Вот, к примеру, еще одна кандидатура на роль цареубийцы – Генрих де Гиз. Размах его действий вполне под стать подобной затее. Взрыв Лувра – лучшее тому доказательство! Если я и Карл выходим из игры, Франсуа Алансонский отправляется в Речь Посполитую, новый король оказывается лицом к лицу с Гизом. И не только с Гизом, но и с его католической Лигой. Вот, кстати, причина для Анжуйца повременить с убийством брата. Пусть уж лучше Карл IX разбирается с самозваным Каролингом и любимцем толпы. Моя голова Анжуйцу выгодна в комплекте с телом. Воевать одновременно и с Лигой, и с гугенотами – дело весьма хлопотное и, что немаловажно, дорогостоящее. С кем-то надо договариваться. Вероятнее всего, с гугенотами. Они не рвутся на престол. А после смерти Колиньи и Карлу, и его брату выгоднее вести переговоры со мной, а не с кузеном Кондэ. Анжуйцу так уж точно.
Но это с точки зрения логики. То есть, по меркам французского двора, – абсолютное ничто. Кураж, эмоция, порыв вот это по-французски, а логика… Одна мадам Екатерина при дворе, поди, и знает, что означает сие слово. На своего любимца она влияет, спору нет, но его прихлебатели вполне могли порадовать своего сюзерена таким вот милым сюрпризом. А могли ведь и промолчать?! Нет. Вряд ли. Придворный существо публичное, для него одобрение господина – заветная цель в жизни! Устранение с доски и черного, и белого короля – не просто убийство, не месть. Это Подвиг во имя нового государя! Стало быть, придворный не промолчал бы. Впрочем, дю Гуа мог и поскромничать. Этот молодец из особого теста.
Так кто же? Лазутчик Гиза, затесавшийся в толпу испуганных царедворцев, или все же вернувшийся Луи де Беранже? Кто? Быть может, есть еще кто-то третий, кого я не знаю.

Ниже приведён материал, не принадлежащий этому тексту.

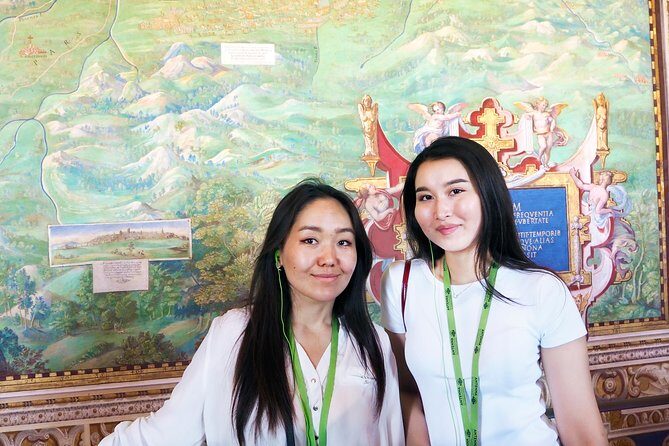 Vatican at Night: Sistine Chapel & Vatican Museums (Vatican Private Tour) - Dress code and ID: small rules that can ruin your night
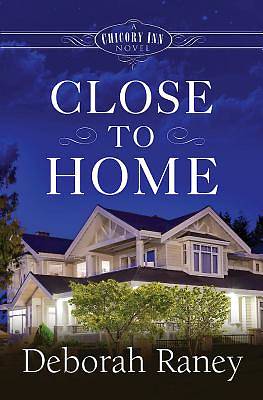 Picture of Close to Home - eBook [ePub]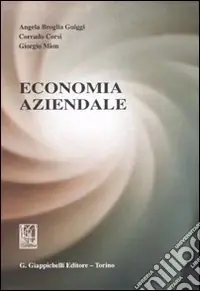 Novità Economia aziendale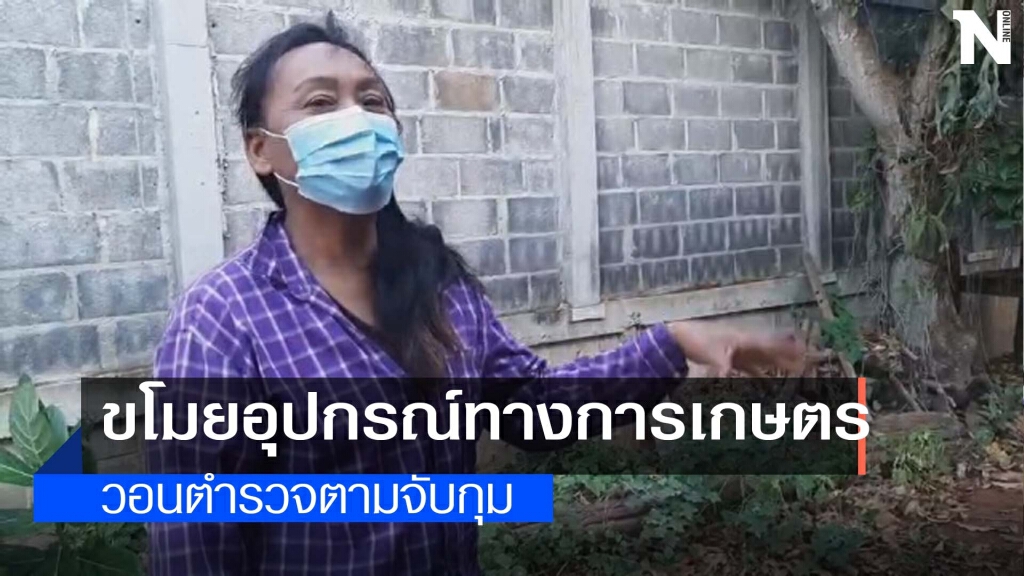ชาวบ้านผวาโจรชุมวางยาเบื่อหมา ชาวบ้านผวาโจรชุมวางยาเบื่อหมา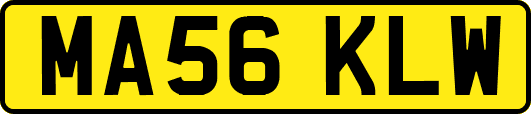 MA56KLW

Может! Черт возьми, может! И без того, чтобы вернуться ко двору, с этим не разобраться. Возможно ли это? Наверняка да. Но как?! Необходимо искать союзника. Сильного союзника. Сакр Дье!
Мысли мои начали путаться, и, сам того не желая, я заснул сном праведника, давая голове отдых от всех наших вчерашних приключений.
Сон мой был нарушен бесцеремонным вмешательством Жозефины. Впрочем, весьма кстати. В голове опять творился какой-то кавардак. Невесть откуда, из каких-то темных тайников мозга вылезали то образы мифических чудовищ вроде говорящего каменного дэва, то лица людей, несомненно, знакомых, но словно не в этой жизни. Я мучительно пытался вспомнить их имена. Иногда казалось, что вот-вот – и эта приоткрывающаяся дверца в иные миры распахнется, возвращая мне нечто весьма ценное. Но узенькая щелка, сквозь которую виднелись иные, близкие и все же такие далекие жизни, становилась все уже, пока не исчезала вовсе, оставляя меня один на один с кромешным мраком.